Metadata-Version: 2.4
Name: pearmut
Version: 0.2.1
Summary: A tool for evaluation of model outputs, primarily MT.
Author-email: Vilém Zouhar <vilem.zouhar@gmail.com>
License: apache-2.0
Project-URL: Repository, https://github.com/zouharvi/pearmut
Project-URL: Issues, https://github.com/zouharvi/pearmut/issues
Keywords: evaluation,machine translation,human evaluation,annotation
Requires-Python: >=3.12
Description-Content-Type: text/markdown
License-File: LICENSE
Requires-Dist: fastapi>=0.110.0
Requires-Dist: uvicorn>=0.29.0
Requires-Dist: wonderwords>=3.0.0
Requires-Dist: psutil>=7.1.0
Provides-Extra: dev
Requires-Dist: pytest; extra == "dev"
Requires-Dist: pynpm>=0.3.0; extra == "dev"
Dynamic: license-file

# Pearmut 🍐

Pearmut is a **Platform for Evaluation and Reviewing of Multilingual Tasks**.
It evaluates model outputs, primarily translation but also various other NLP tasks.
Supports multimodality (text, video, audio, images) and a variety of annotation protocols ([DA](https://aclanthology.org/N15-1124/), [ESA](https://aclanthology.org/2024.wmt-1.131/), [ESA<sup>AI</sup>](https://aclanthology.org/2025.naacl-long.255/), [MQM](https://doi.org/10.1162/tacl_a_00437), paired ESA, etc).

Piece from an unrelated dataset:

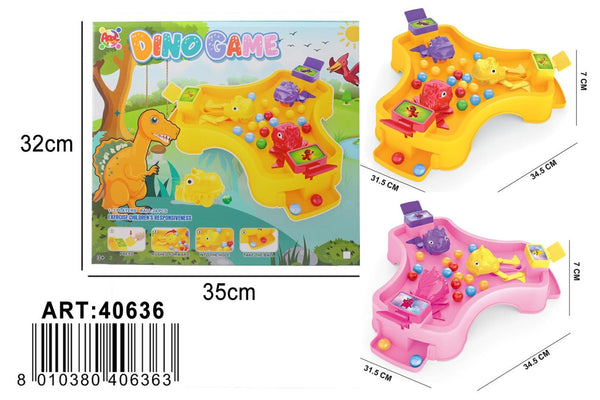 Dino Game, gioco cattura palline assortito AP40636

[![PyPi version](https://badgen.net/pypi/v/pearmut/)](https://pypi.org/project/pearmut)
&nbsp;
[![PyPI download/month](https://img.shields.io/pypi/dm/pearmut.svg)](https://pypi.python.org/pypi/pearmut/)
&nbsp;
[![PyPi license](https://badgen.net/pypi/license/pearmut/)](https://pypi.org/project/pearmut/)
&nbsp;
[![build status](https://github.com/zouharvi/pearmut/actions/workflows/test.yml/badge.svg)](https://github.com/zouharvi/pearmut/actions/workflows/test.yml)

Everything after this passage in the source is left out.